* _Aim of the exercise_:
For the records that follow, please set down exactly the lines between the one holding "NasonMoretti 'macramé' Candle" and the one holding "Honeke: A Bold", inclusive, and only those.

[Scraped caption text data]
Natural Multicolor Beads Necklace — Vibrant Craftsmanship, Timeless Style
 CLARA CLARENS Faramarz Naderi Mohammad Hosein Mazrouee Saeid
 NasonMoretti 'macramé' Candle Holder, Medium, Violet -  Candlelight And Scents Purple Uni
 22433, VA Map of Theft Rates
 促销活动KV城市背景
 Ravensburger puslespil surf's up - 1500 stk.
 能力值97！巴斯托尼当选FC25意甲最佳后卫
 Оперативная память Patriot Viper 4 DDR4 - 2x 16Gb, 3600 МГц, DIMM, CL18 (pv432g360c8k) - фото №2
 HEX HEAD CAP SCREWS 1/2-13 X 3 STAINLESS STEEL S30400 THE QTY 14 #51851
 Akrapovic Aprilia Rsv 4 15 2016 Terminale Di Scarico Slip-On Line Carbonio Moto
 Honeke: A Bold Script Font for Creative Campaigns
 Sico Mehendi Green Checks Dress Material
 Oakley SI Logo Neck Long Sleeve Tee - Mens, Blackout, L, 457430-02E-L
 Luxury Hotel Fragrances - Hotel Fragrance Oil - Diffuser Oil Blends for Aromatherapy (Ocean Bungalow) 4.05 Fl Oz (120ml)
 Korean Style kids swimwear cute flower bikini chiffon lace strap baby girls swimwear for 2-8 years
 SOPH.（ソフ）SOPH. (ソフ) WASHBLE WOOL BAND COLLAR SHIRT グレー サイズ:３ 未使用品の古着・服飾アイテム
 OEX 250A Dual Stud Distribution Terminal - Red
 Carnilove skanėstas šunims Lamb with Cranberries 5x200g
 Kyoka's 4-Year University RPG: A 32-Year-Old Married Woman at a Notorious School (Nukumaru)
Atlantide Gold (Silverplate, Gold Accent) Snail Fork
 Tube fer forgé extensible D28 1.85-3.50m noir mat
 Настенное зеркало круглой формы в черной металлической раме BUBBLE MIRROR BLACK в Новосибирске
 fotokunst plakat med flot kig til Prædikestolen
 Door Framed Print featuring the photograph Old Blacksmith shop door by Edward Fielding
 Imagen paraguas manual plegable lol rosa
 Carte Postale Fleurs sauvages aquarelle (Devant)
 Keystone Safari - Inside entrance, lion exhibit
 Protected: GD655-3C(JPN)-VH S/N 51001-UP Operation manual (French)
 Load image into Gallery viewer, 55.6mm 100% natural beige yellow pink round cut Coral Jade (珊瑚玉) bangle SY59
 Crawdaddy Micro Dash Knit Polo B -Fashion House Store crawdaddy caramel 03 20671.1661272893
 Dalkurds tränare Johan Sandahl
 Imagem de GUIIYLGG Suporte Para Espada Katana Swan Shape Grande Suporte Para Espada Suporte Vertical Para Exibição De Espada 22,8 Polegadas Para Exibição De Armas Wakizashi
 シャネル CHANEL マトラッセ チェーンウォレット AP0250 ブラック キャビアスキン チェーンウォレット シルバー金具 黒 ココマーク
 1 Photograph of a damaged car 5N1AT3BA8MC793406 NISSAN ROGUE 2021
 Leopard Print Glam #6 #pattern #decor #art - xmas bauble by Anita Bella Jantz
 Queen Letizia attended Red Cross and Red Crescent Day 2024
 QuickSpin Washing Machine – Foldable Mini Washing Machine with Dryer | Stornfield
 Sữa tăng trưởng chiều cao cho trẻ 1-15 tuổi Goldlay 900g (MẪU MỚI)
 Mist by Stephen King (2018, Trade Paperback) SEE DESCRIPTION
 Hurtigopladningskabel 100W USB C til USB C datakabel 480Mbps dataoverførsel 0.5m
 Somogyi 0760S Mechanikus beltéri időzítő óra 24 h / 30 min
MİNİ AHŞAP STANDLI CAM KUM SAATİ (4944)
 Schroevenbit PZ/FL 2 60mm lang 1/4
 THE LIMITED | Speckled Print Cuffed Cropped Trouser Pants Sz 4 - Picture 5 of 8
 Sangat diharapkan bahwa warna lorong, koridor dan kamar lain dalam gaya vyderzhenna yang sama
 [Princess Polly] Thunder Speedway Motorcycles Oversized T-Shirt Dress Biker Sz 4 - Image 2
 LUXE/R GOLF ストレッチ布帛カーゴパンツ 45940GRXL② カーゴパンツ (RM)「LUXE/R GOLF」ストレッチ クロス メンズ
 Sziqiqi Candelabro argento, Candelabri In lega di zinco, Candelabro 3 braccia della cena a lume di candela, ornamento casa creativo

* _Answer below_:
 NasonMoretti 'macramé' Candle Holder, Medium, Violet -  Candlelight And Scents Purple Uni
 22433, VA Map of Theft Rates
 促销活动KV城市背景
 Ravensburger puslespil surf's up - 1500 stk.
 能力值97！巴斯托尼当选FC25意甲最佳后卫
 Оперативная память Patriot Viper 4 DDR4 - 2x 16Gb, 3600 МГц, DIMM, CL18 (pv432g360c8k) - фото №2
 HEX HEAD CAP SCREWS 1/2-13 X 3 STAINLESS STEEL S30400 THE QTY 14 #51851
 Akrapovic Aprilia Rsv 4 15 2016 Terminale Di Scarico Slip-On Line Carbonio Moto
 Honeke: A Bold Script Font for Creative Campaigns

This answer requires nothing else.